The circular train, as its name implies, is a train track that goes around Yangon, from the city to the countryside and back again, in a little over 2 hours. The train station itself is also pretty cool, it’s got a classic feel to it, like how I’d expect a train station to look a century ago.
The ride itself is quite tranquil – once you leave Yangon train station, you enter the suburbs very quickly. Multistory buildings quickly disappear, to be replaced with fields and forest, small villages and shantytowns, abandoned buildings and empty expanses.
And of course, on the last stretch, just as the train is pulling back into Yangon station, it breaks down. I, as well as most of the other riders, simply hop off, and walk the rest of the way.
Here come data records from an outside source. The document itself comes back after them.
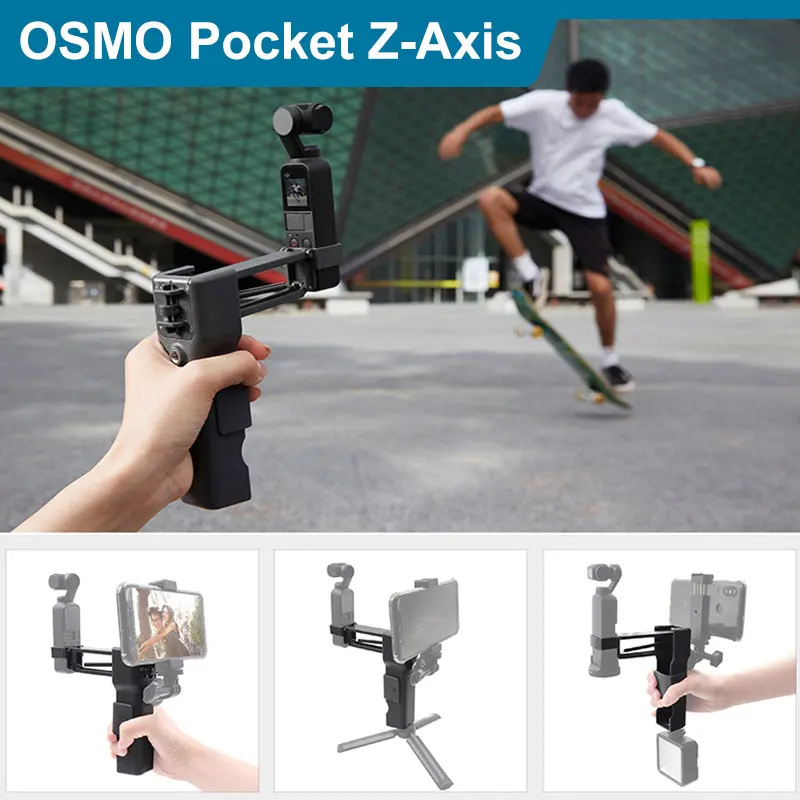 Foldable Z-Axis Stabilizer for DJI OSMO POCKET Camera Gimbal stabilizer Osmo Pocket accessories
Foldable Z-Axis Stabilizer for DJI OSMO POCKET Camera Gimbal stabilizer Osmo Pocket accessories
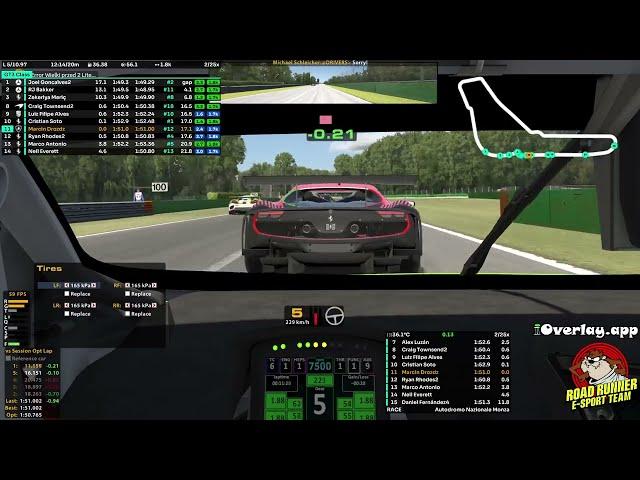 Monza - 2023 S4 Week 2 - GT3 Challenge - iRacing Baby!! Let's GOO!!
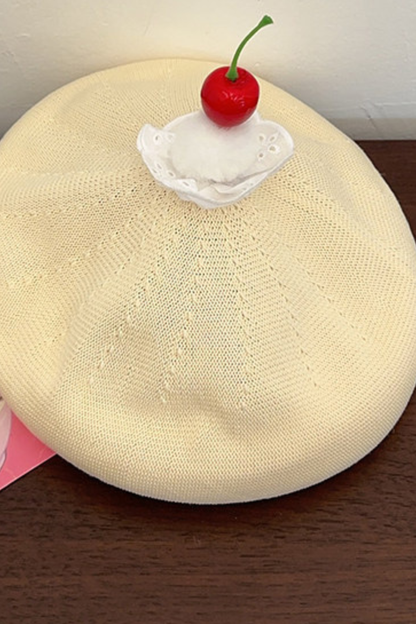 Cherry Beret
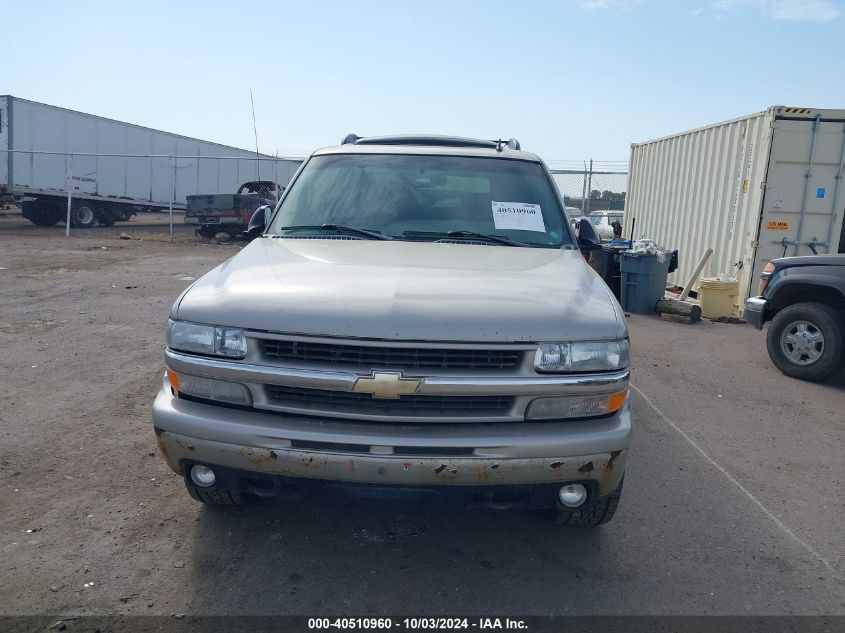 2006 Chevrolet Suburban 1500 Ltz VIN: 3GNFK16U76G120989 Lot: 40510960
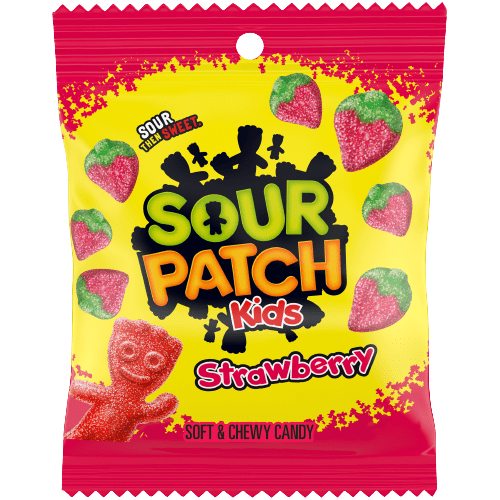 Sour Patch Kids Strawberry Bag 102g - Sweetspot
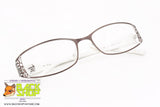 NIK03 mod. NK386 11, Eyeglass frame women laser cut details, New Old Stock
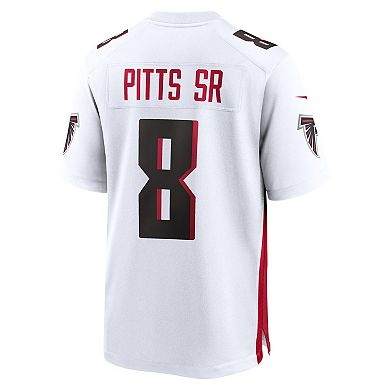 Men's Nike Kyle Pitts Sr. White Atlanta Falcons White Game Jersey
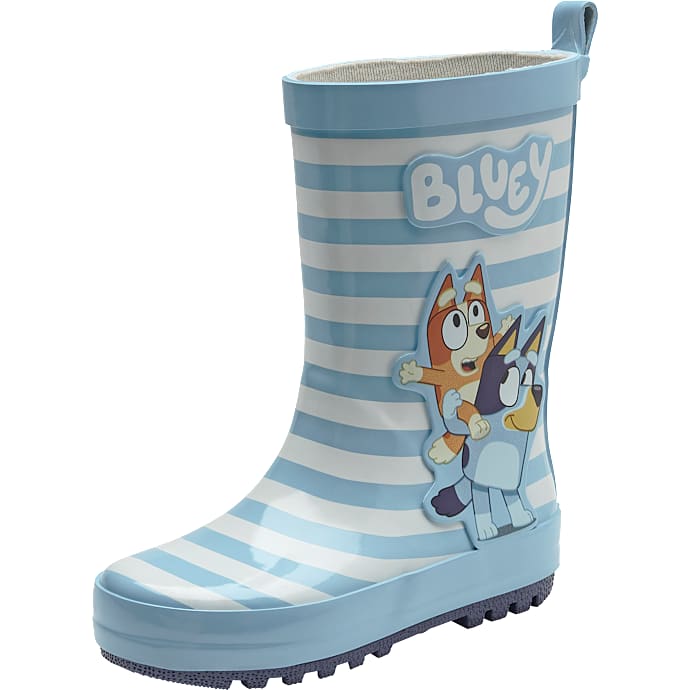 Bluey børne gummistøvler str. 27 - lyseblå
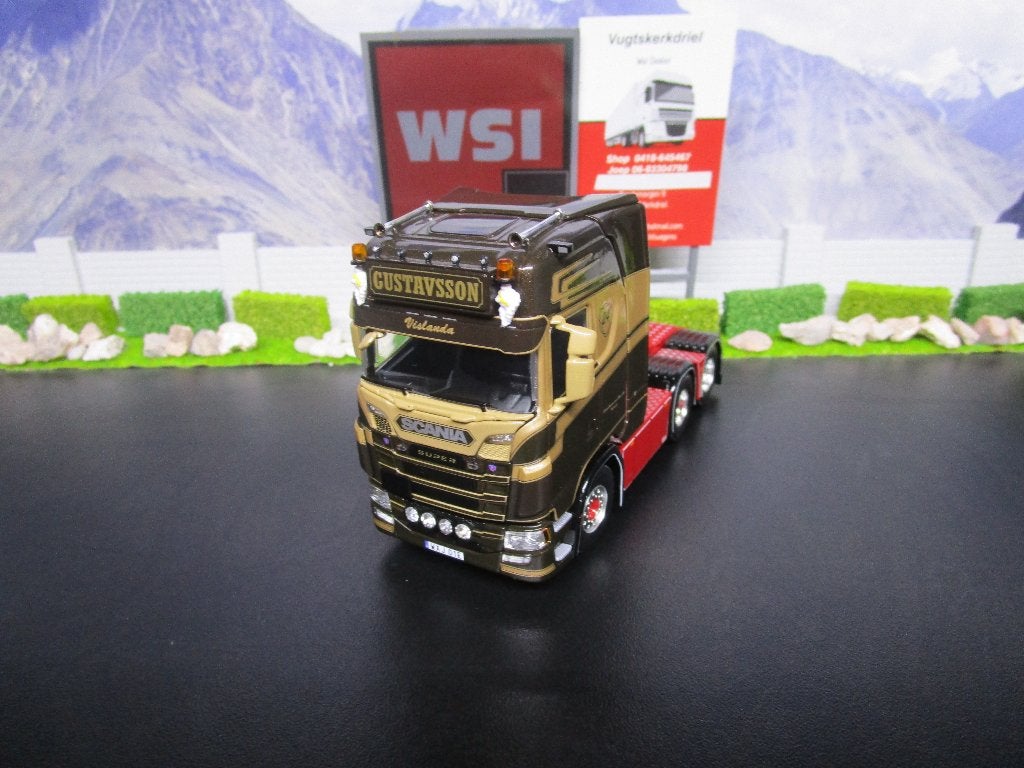 nieuw wsi 01-4516 gustavsson scania s highline 6x2, Ophalen, Nieuw, Bus of Vrachtwagen, Wsi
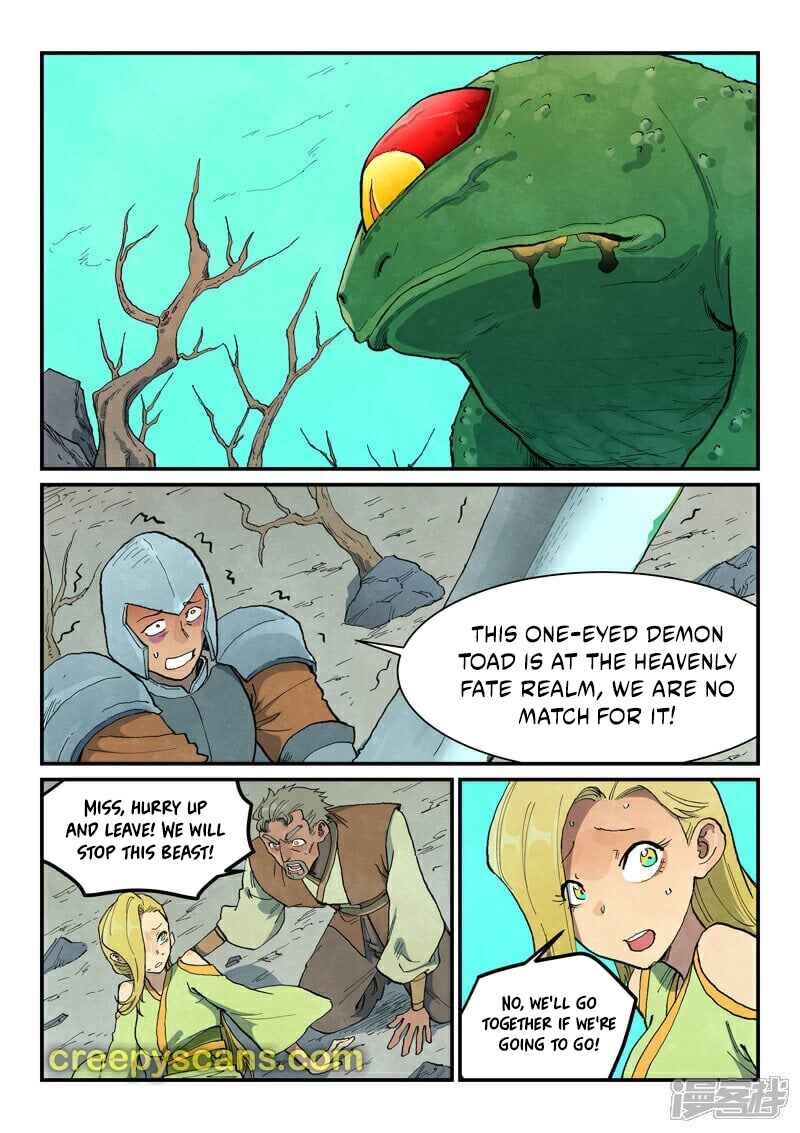 Star Martial God Technique Chapter 691 - Page 2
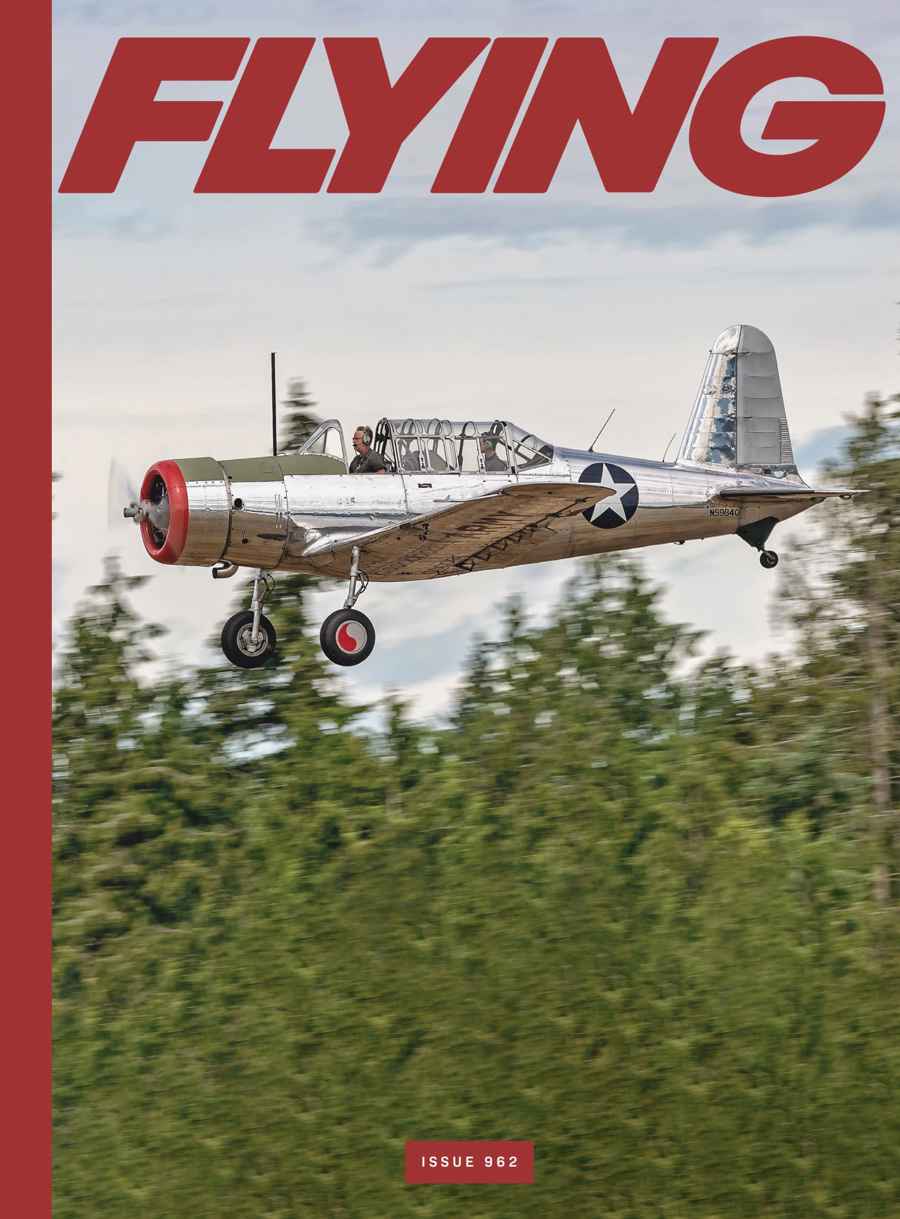 FLYING Magazine issue Sep-25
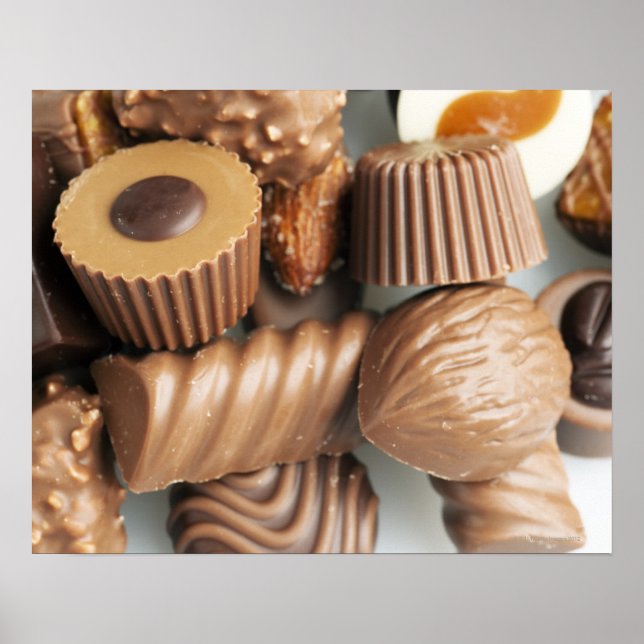 Pôster chocolates (Frente)
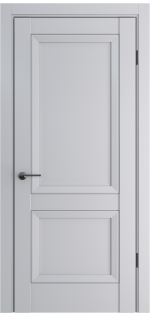 Межкомнатная дверь ДП-61 (Silver Gray)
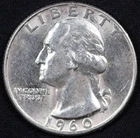 1960-D WASHINGTON QUARTER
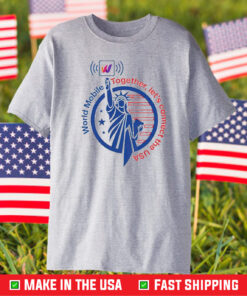 World Mobile Together Let’s Connect The Usa T-Shirt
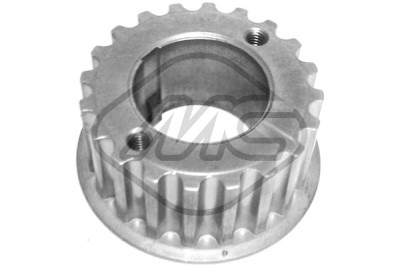 Roue dentée, vilebrequin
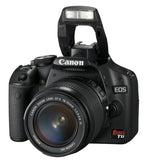 Canon EOS Rebel T1i 15.1 MP CMOS Digital SLR Camera with 3-Inch LCD and EF-S 18-55mm f/3.5-5.6 IS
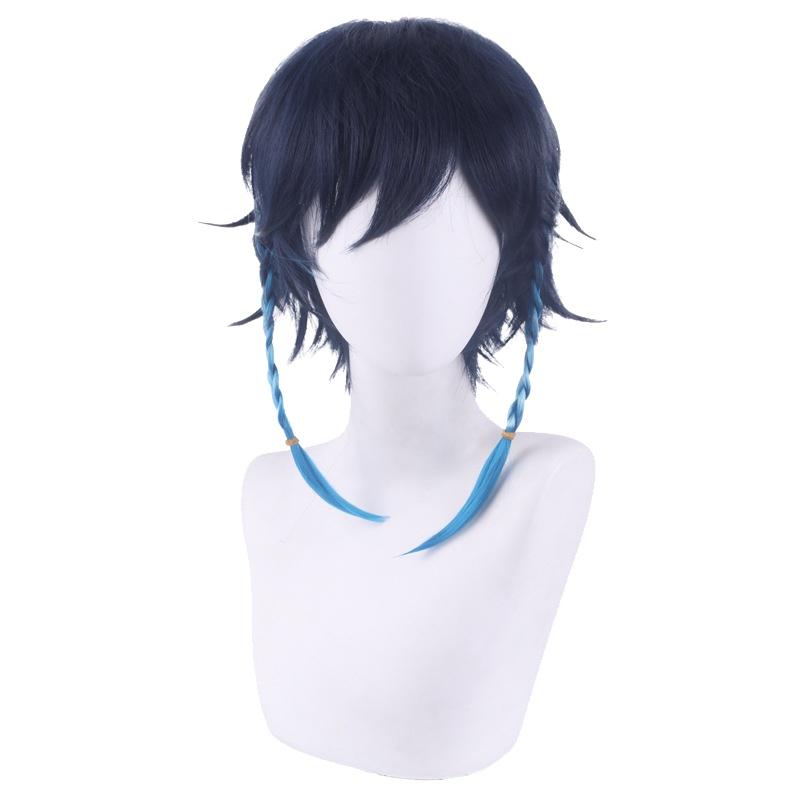 Genshin Impact Cosplay Wig For Stunning Characters Venti Keqing Barbara Diluc Ganyu Hutao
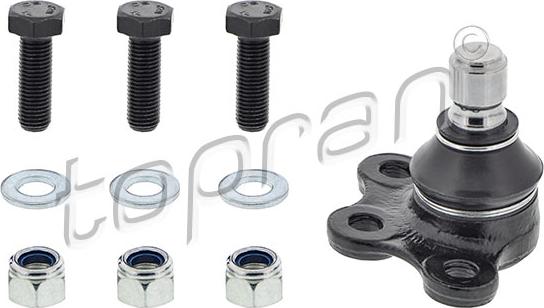 Topran 721 849 - Ball Joint autospares.lv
A regular day in Myanmar, I guess?
Bogyoke Market is the main merchandise market of Yangon, but is somewhat lackluster compared to its compatriots in Vietnam, Thailand, or even Laos.
Kandawgyi Lake Park is a very nice park (admission charged, with foreigners paying slightly more) right in the center of Yangon, kind of like Central park in NYC. There’s not much lawn for walking around, but it’s a very nice stroll around the lake:
Curiously, the golden boat-like structure is a restaurant!
Bits and bobs:
– Monks were to be seen all over Yangon – walking around, collecting donations, even performing a blessing ceremony!
– Since Myanmar is right next to India, there’s a strong Indian food influences – I had some pretty good curry here, and ate with my hands for the first time! It was pleasantly enjoyable! Random street food was also delicious in Yangon – at night, people just bring out pre-cooked pots of food, and sell it economy rice style.